* _Record extracts_
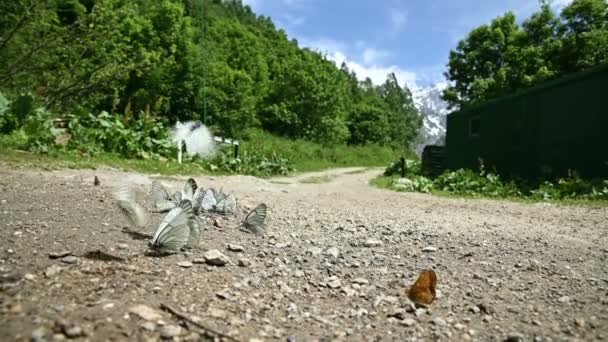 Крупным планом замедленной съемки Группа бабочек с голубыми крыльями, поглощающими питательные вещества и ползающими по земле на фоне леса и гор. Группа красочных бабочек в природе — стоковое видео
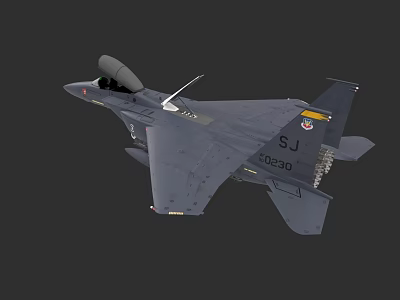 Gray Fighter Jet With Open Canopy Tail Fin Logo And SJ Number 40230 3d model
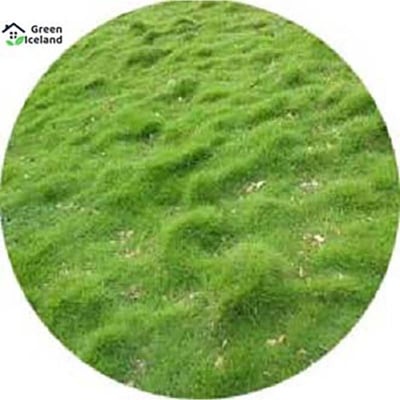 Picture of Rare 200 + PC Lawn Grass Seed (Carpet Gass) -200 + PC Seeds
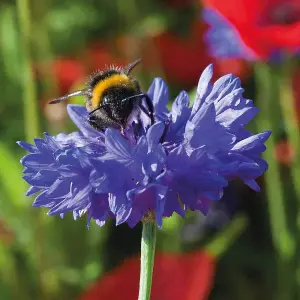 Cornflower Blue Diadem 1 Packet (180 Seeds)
* * *
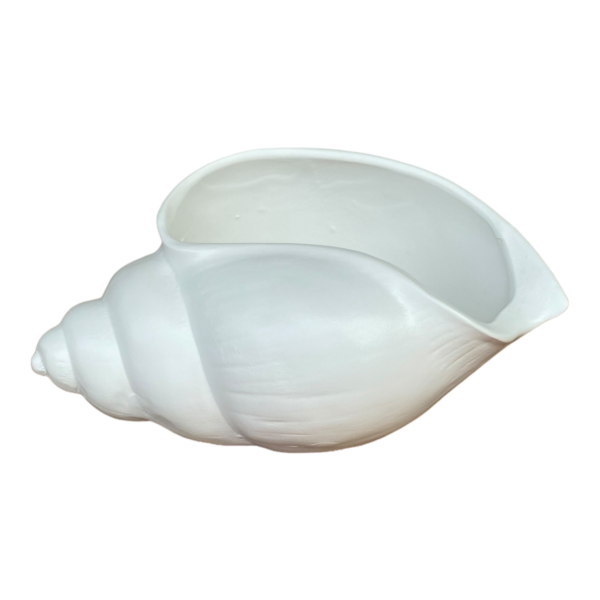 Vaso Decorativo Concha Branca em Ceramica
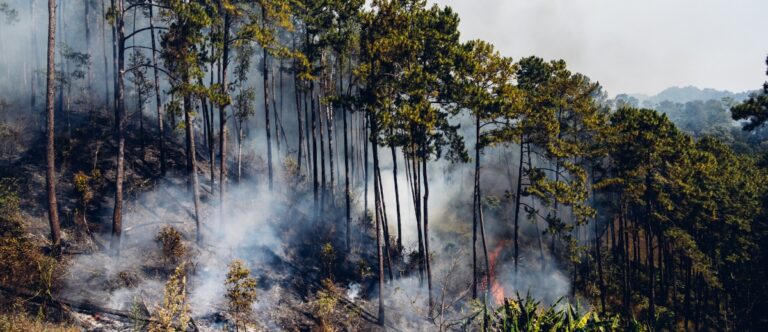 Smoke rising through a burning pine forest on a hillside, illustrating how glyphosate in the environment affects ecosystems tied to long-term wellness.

* _Task brief_
Retype only the lines above from the one with "Крупным планом замедленной" through the one with "Cornflower Blue Diadem 1 Packet (180 Seeds)", exactly and with both ends. Images stay out.

* _Written response_
 Крупным планом замедленной съемки Группа бабочек с голубыми крыльями, поглощающими питательные вещества и ползающими по земле на фоне леса и гор. Группа красочных бабочек в природе — стоковое видео
 Gray Fighter Jet With Open Canopy Tail Fin Logo And SJ Number 40230 3d model
 Picture of Rare 200 + PC Lawn Grass Seed (Carpet Gass) -200 + PC Seeds
 Cornflower Blue Diadem 1 Packet (180 Seeds)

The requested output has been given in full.